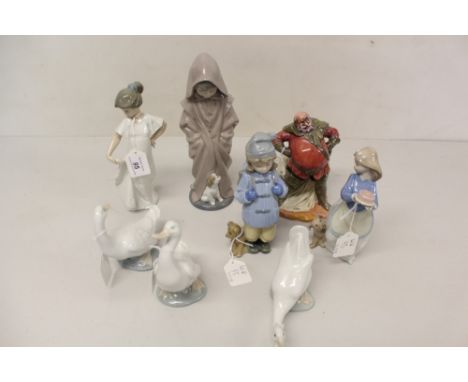Four Nao porcelain figures, three Nao geese and a Royal Doulton figure - Falstaff HN2054 (8)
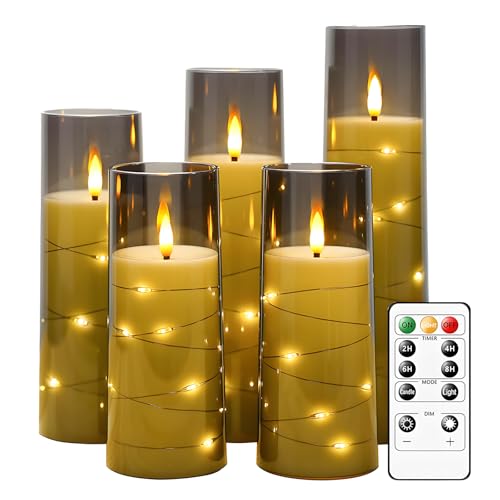 ExKeen LED Kerzen Set mit Fernbedienung Timer, 5er-Set Elektrische Kerzen mit Lichterkette, Flammenlose Kerze LED Stumpenkerzen für Bad Deko, Tischdeko Wohnzimmer,14/16/18/20cm (Grau) von ExKeen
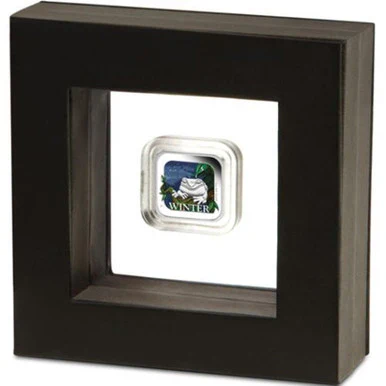 2013 $1 Australian Seasons Winter 1oz Silver Proof Square Shaped Coin - Image 3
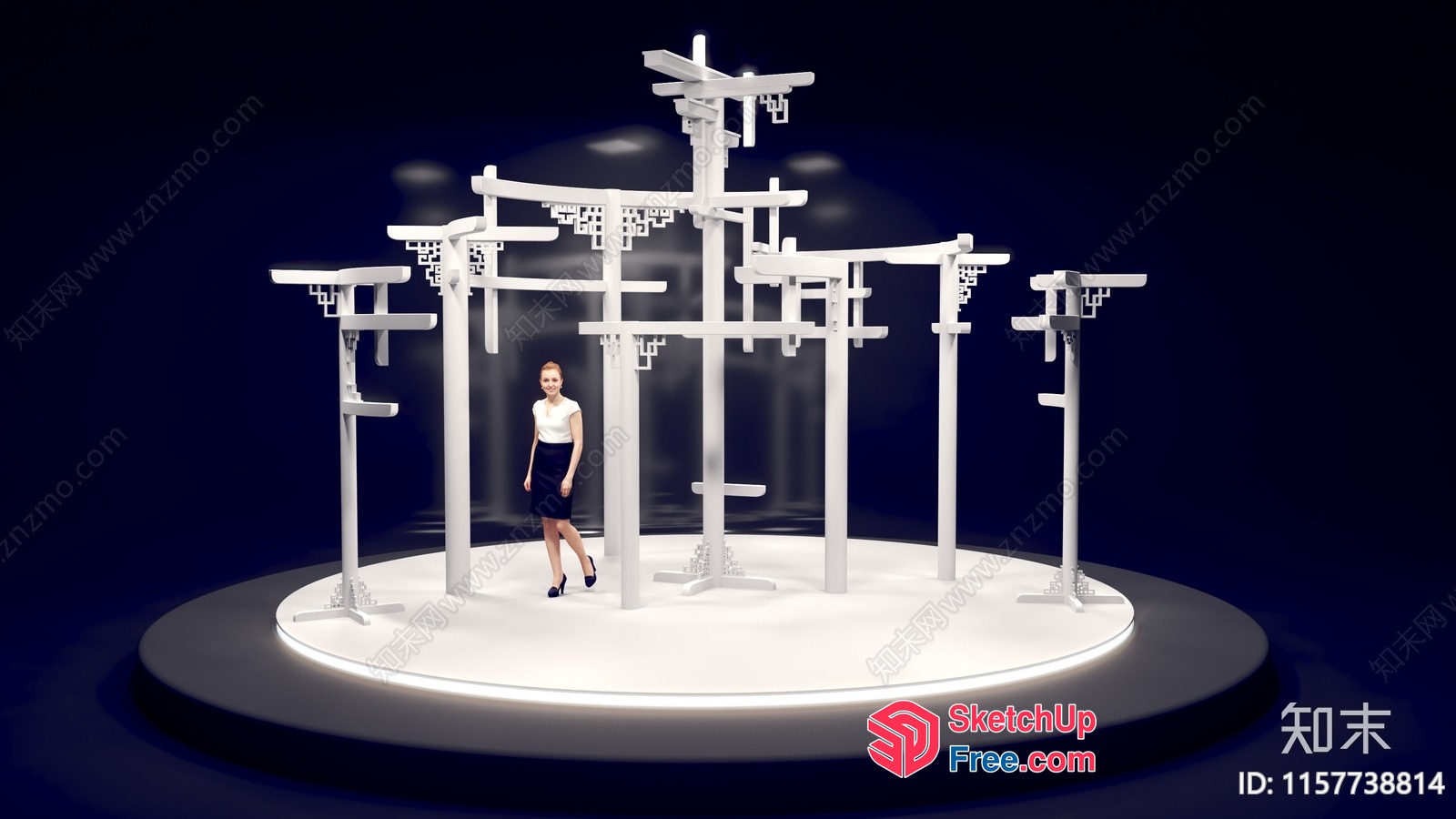 3D Rendering Of A Woman In A White And Black Outfit Standing In Front Of A White Structure 3D SketchUp File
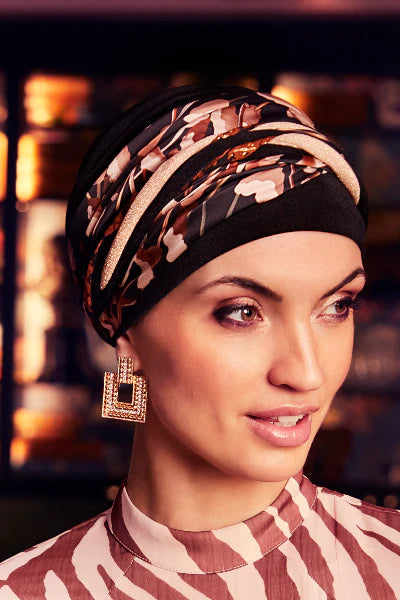 SCARLETT - TURBANTE CON FASCIA RIMOVIBILE - NERO/FANTASIA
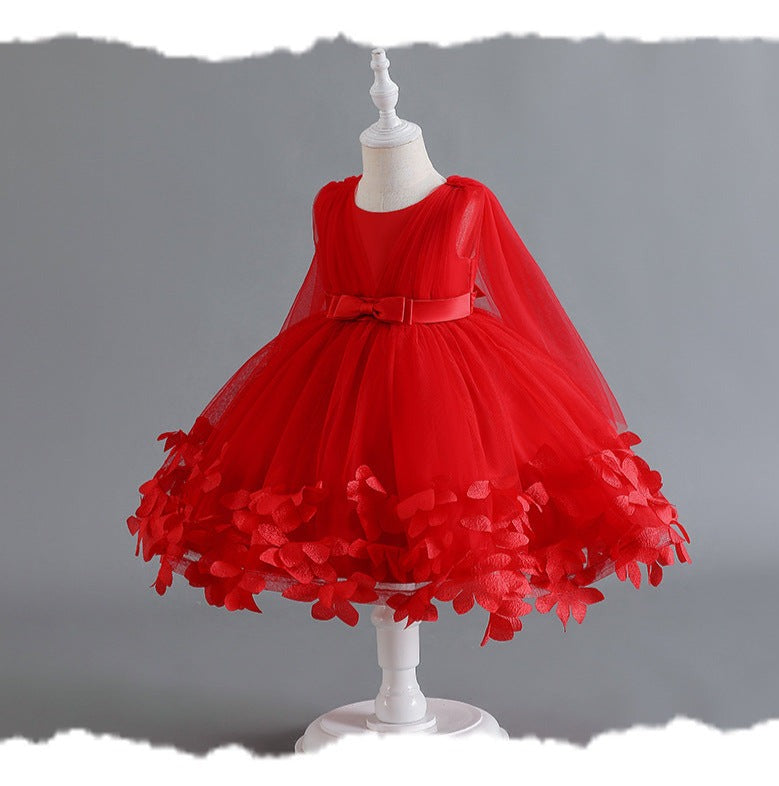 Vestido Infantil Tule Barrinha Flores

- WORK ITEM -
Print the full listing exactly, dropping the pictures.

- EXERCISE OUTPUT -
Four Nao porcelain figures, three Nao geese and a Royal Doulton figure - Falstaff HN2054 (8)
 ExKeen LED Kerzen Set mit Fernbedienung Timer, 5er-Set Elektrische Kerzen mit Lichterkette, Flammenlose Kerze LED Stumpenkerzen für Bad Deko, Tischdeko Wohnzimmer,14/16/18/20cm (Grau) von ExKeen
 2013 $1 Australian Seasons Winter 1oz Silver Proof Square Shaped Coin - Image 3
 3D Rendering Of A Woman In A White And Black Outfit Standing In Front Of A White Structure 3D SketchUp File
 SCARLETT - TURBANTE CON FASCIA RIMOVIBILE - NERO/FANTASIA
 Vestido Infantil Tule Barrinha Flores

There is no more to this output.